最近のマイブームはダム巡りと橋のユニークな親柱探し。ダムは目的地に過ぎず、ドライヴしたいだけ…。

夜のセヴラック

2005-08-29 06:57:08 | CD/DVD
あることで頭が一杯になっていて、とても家にいられない気分だったので深夜のドライブに出る。何気なくクルマを流していると、東京湾に近くなっていた。よし、ちょっと海でも見て気分転換するか。

ところが前にも書いたかもしれないが、東京湾というのはなかなか波打ち際まで行ける場所は多くない。海運会社や貿易会社が湾の縁をがっちり固めているからである。

ならば、お台場海浜公園まで足を伸ばす。ここなら波打ち際まで行くことができる。しかし、付近の道路をしつこいくらい何度もパトカーが巡回しており、道路にうっかり駐車しておくものなら直ちに駐車違反キップを切られてしまう。
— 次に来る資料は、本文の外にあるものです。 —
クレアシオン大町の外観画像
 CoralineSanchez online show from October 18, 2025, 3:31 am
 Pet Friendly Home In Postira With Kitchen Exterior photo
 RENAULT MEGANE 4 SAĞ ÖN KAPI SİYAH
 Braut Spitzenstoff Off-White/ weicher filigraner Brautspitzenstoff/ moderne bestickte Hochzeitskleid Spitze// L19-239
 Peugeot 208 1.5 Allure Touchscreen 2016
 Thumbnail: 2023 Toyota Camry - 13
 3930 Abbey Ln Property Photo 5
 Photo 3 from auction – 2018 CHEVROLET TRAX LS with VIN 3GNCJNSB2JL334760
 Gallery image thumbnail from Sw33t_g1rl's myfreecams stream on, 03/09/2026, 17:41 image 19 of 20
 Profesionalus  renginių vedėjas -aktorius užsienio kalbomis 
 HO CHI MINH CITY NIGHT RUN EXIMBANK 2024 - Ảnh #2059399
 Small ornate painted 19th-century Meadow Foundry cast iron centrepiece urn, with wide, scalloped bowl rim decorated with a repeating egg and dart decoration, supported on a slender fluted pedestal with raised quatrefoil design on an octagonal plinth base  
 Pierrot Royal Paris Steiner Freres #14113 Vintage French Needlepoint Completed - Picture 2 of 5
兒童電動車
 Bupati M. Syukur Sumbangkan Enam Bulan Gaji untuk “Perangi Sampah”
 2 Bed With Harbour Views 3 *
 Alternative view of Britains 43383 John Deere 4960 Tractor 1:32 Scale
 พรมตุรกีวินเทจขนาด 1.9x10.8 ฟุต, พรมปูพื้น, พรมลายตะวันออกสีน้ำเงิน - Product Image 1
そんなわけでお台場はロケーションは良いのだが落ち着いて夜景を眺めていられないというデメリットがある。

夜景を楽しむためにわざわざ缶コーヒーを持参し、あちこち回ったが、結局のんびりすることなく帰宅。うーん、何だか消化不良だな。そこで思いついた「解決策」がセヴラックの音楽を聴くことだった。

デオダ・ド・セヴラック(1872-1921)は近代フランスの作曲家で、フォーレ(1845-1924)の影響を受け、またドビュッシー(1862-1918)の印象主義にも近い作品を書いたことで知られる。でも、なぜセヴラックが「解決策」になるのか?

周知のように、セヴラックは画家のオディロン・ルドン(1840-1916)と1900年に出会った。ルドンは当時にあっては我が道を行く作品を残し、孤高の画家とも評されている。そんなルドンは興味深い発言をしている。

「音楽は夜の芸術だ。夢の芸術。」

いかにも象徴主義者の言葉である。もちろんその発想はマルセル・プルースト(1871-1922)にも通ずるものであるが、いずれにしてもセヴラックがその影響を受けたことは間違いなかろう。たとえば彼の作品のなかでは比較的有名な練習曲集《セルダーニャ》(1911)。これは印象主義的なところもあるが、ドビュッシーのような色彩の鮮やかさはそれほど感じられない。むしろ闇を意識したような響きではないだろうか。もっとも、これはあくまでワシの主観がかなり入っているが。

ちなみに、どうでもよい情報をひとつ。セヴラックの4手のためのピアノ曲《鉛の兵隊》(1905)の第2曲には「ラ・マルセイエーズ」が織り込まれている。

やれやれ、ようやく夜の気分を味わえたと思ったら、外は朝じゃないか…。あはは。